They seem to distract inexperienced shooters (and many experienced shooters) so that focusing on the front sight is difficult.

Like any shortcut to good shooting, the three dot systems seem like they would help: all you have to do is line up the dots.

Trouble is the shooter isn't looking at the front sight: the fundamental key to handgun shooting.

I much prefer all black (no dots): much, much quicker and much more precise in all lighting conditions for me.

White dots are easily neutralized with shoe polish (my solution), sharpies or by digging out the white.
 
Back when the earth was young and night sights were new, the best configuration I used was a bar-dot. A horizontal bar under the rear sight notch and a dot on the front. Faint enough in open light to not distract from a good sight picture, bright enough in low light to let o pickup and align the front.

Time marched on and the dots got brighter, white outlined etc.
 
I blacked out my rear sights with a paint pen.
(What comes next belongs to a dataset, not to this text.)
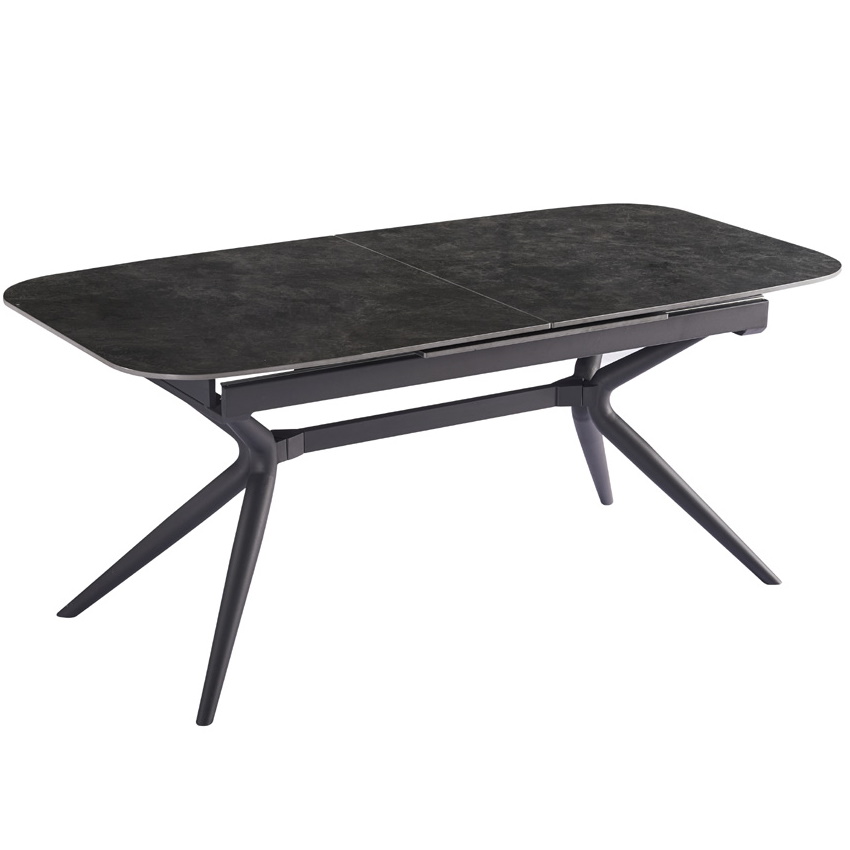 פינת אוכל מעוצבת נפתחת - פלטה בשילוב קרמיקה Home Decor &lrm;חץ 180 - שחור פחם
I noticed a big difference, I was able to pick up on the the front sight much better and faster. When my son looked at my 40fs, he immediately asked if I would do the same to his.
 
Years ago I was at a PPC shoot over around Seattle and a lot of shooters had a Carbide Smoker to blacken their sights. It make them a flat black and sunlight wouldn't reflect off them giving them a clean sight picture! I can remember my old academy range master saying over and over as he walked down the firing line... "light bars & level"!
 
Years ago I was at a PPC shoot over around Seattle and a lot of shooters had a Carbide Smoker to blacken their sights. It make them a flat black and sunlight wouldn't reflect off them giving them a clean sight picture! I can remember my old academy range master saying over and over as he walked down the firing line... "light bars & level"!

Brings back memories. I used one of those smokers. I got it somewhere.

It's a pretty neat concept...the smoker turns the sights a blacker black than the black target creating the contrast.

It wouldnt be practical for anything but at the range because it smears and smudges too easily.

OP: Ive replaced my rear completely to a plain black sight. For me it allows for quicker front sight pick up. The sight picture is the same...put the front blade in the middle of your rear sight, make sure you have equal height/equal light, and with the majority of your focus on your frt sight, the target and rear sight will look blurry.